_What you have to do:_ Look through the listing below for the line containing "TOMFORD TF5991-B 55-18 001 Black - Image 2". Copy it and each line after it up to and including the line containing "Los presidente del", exactly, leaving out pictures.

**********

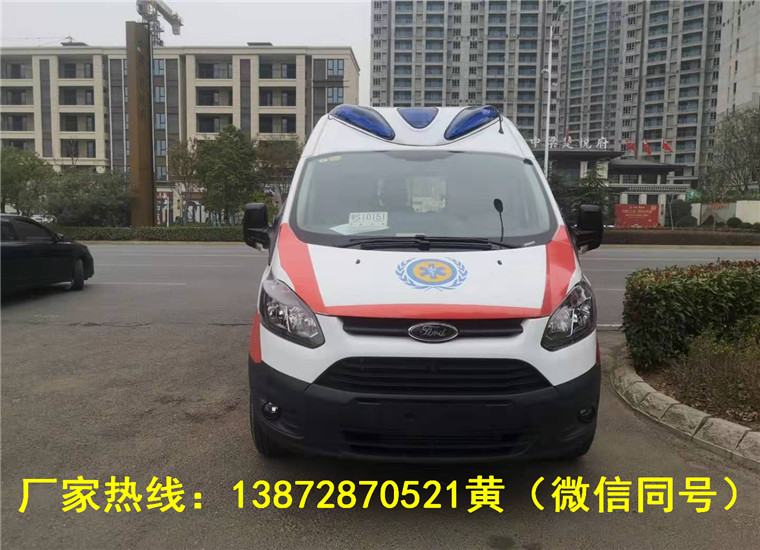 國(guó)六福特新(xīn)全順V362救護車(chē)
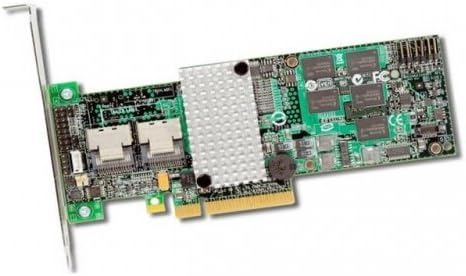 LSI LSI MegaRAID SAS LSI9260-8i 8-port 6Gbs PCI-Express SGL RAID Controller / LSI00198 (LSI9260-8I SGL) /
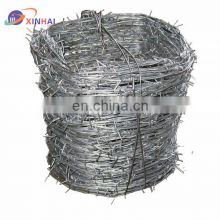Barbed wire galvanized barbed wire 800m length factory barbed wire with good price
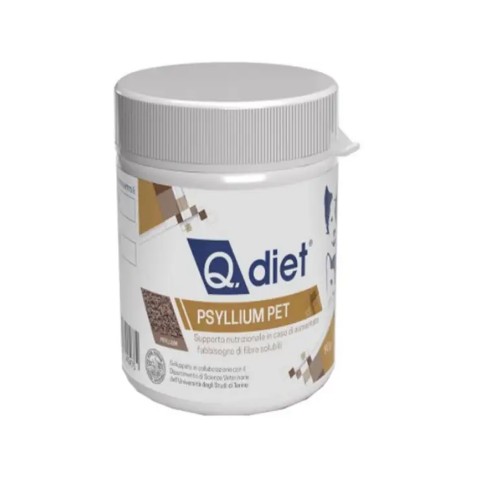 Q.DIET PSYLLIUM PET polvere 90 gr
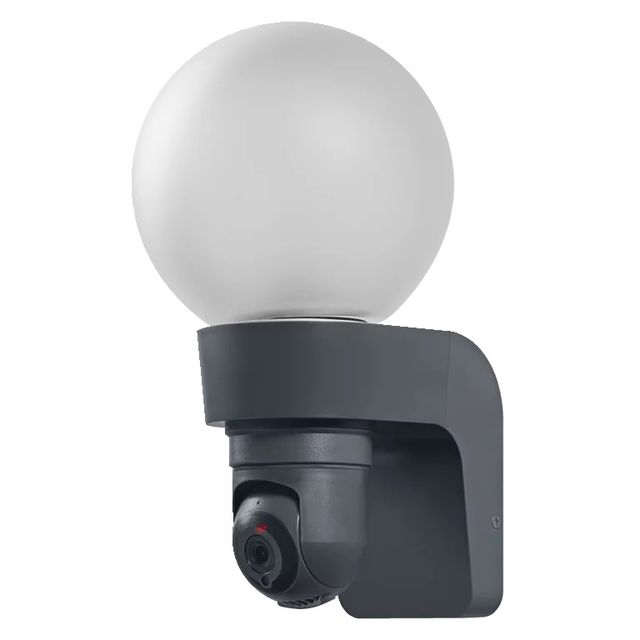 Kinkiet z kamerą SMART+ WIFI Globe Track&Trace E27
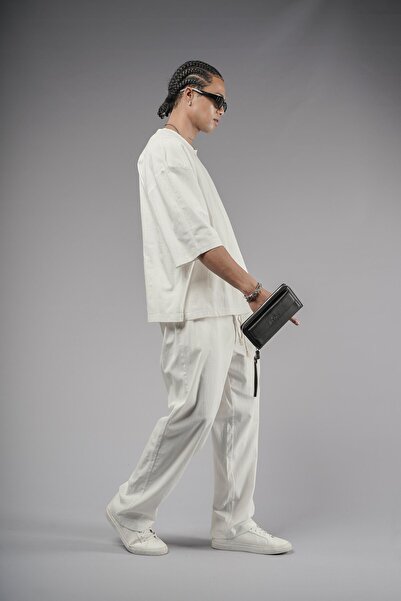 Butik TREND WE lenvászon szövet Oversize Fit alsó felső szett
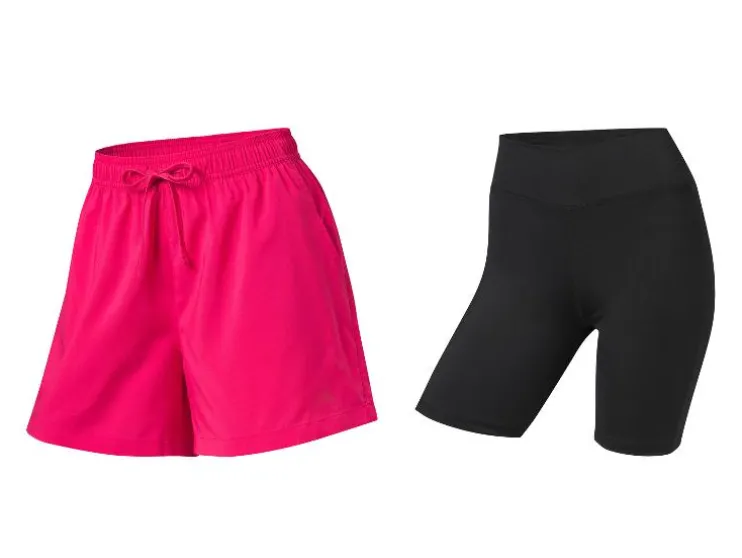 Dames sportshorts / fietsbroek
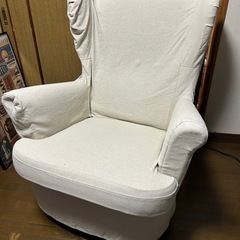 1人がけソファ IKEA 
の画像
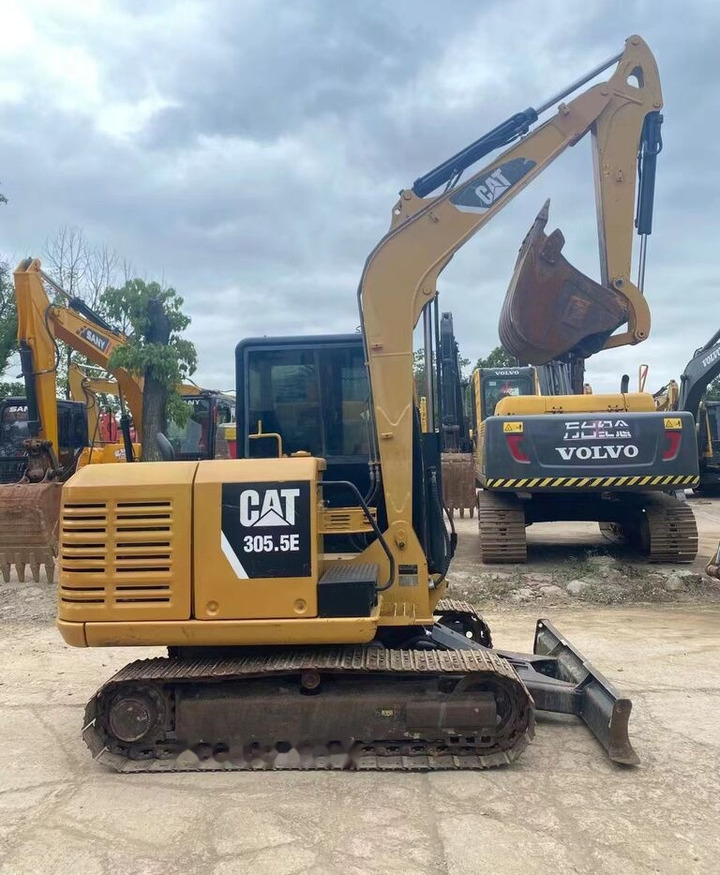 Caterpillar 305.5E - حفارة مصغرة: صور 5 Caterpillar 305.5E - حفارة مصغرة: صور 5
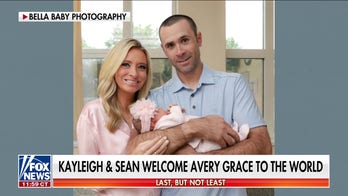 Kayleigh McEnany and husband, Sean, welcome daughter Avery Grace
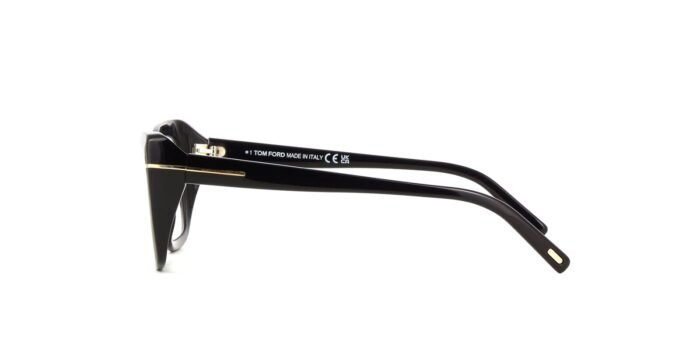 TOMFORD TF5991-B 55-18 001 Black - Image 2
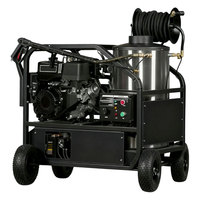 Nettoyeur haute pression à eau chaude 14HP, moteur à couple élevé, 4000 PSI, pour le nettoyage de poussière de grange et les travaux de construction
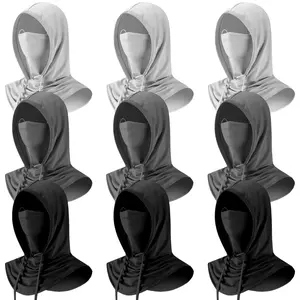 Balaclava Ski Mask UV Protection Hood Breathable Full Head Mask Face Cover for Men Women Motorcycle Fishing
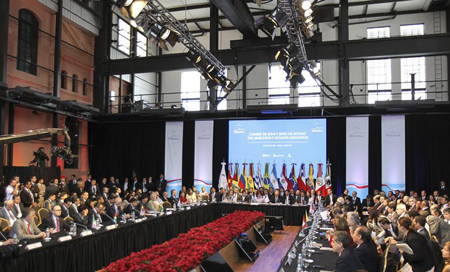 Los presidente del Mercosur rubricaron este miércoles un comunicado en apoyo a Venezuela y en rechazo a las sanciones que impondría Estados Unidos a funcionarios del gobierno AGENCIAS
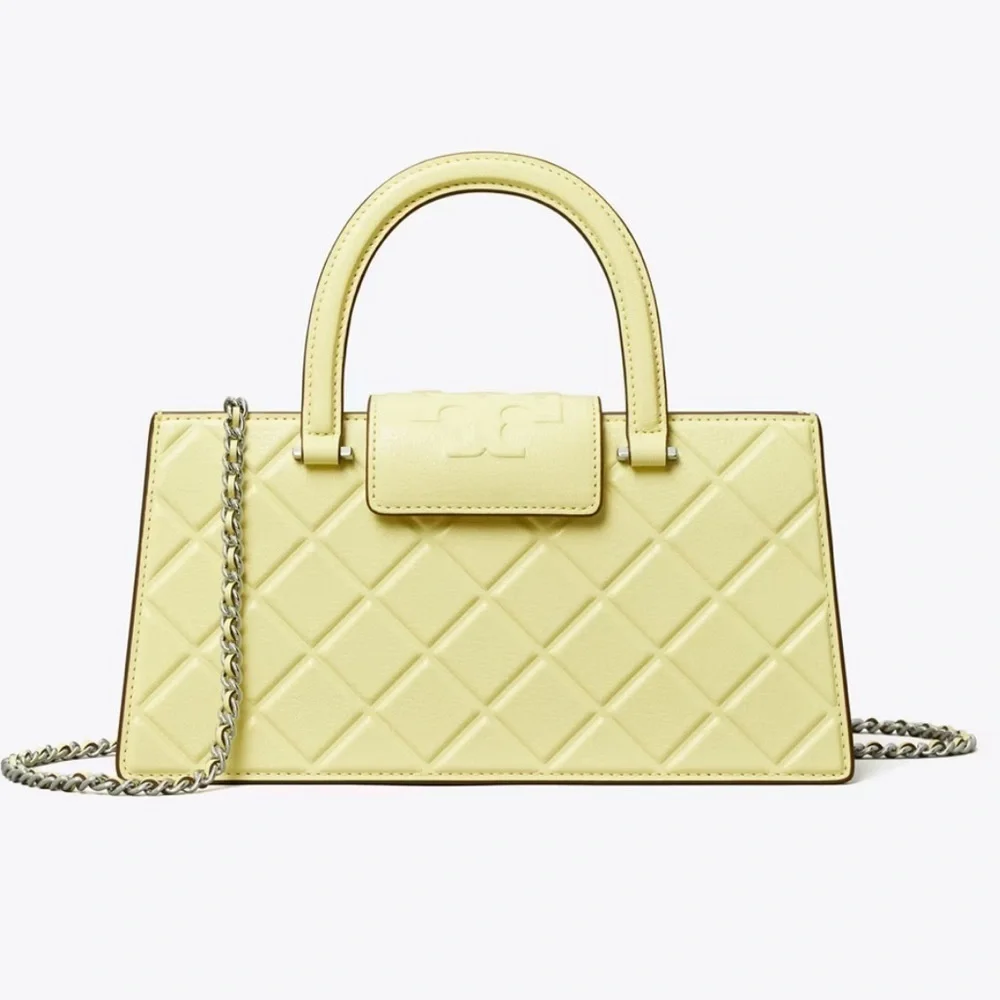 New Tory Burch FLEMING EAST-WEST TOTE Bag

**********

_Written reply:_
 TOMFORD TF5991-B 55-18 001 Black - Image 2
 Nettoyeur haute pression à eau chaude 14HP, moteur à couple élevé, 4000 PSI, pour le nettoyage de poussière de grange et les travaux de construction
 Balaclava Ski Mask UV Protection Hood Breathable Full Head Mask Face Cover for Men Women Motorcycle Fishing
 Los presidente del Mercosur rubricaron este miércoles un comunicado en apoyo a Venezuela y en rechazo a las sanciones que impondría Estados Unidos a funcionarios del gobierno AGENCIAS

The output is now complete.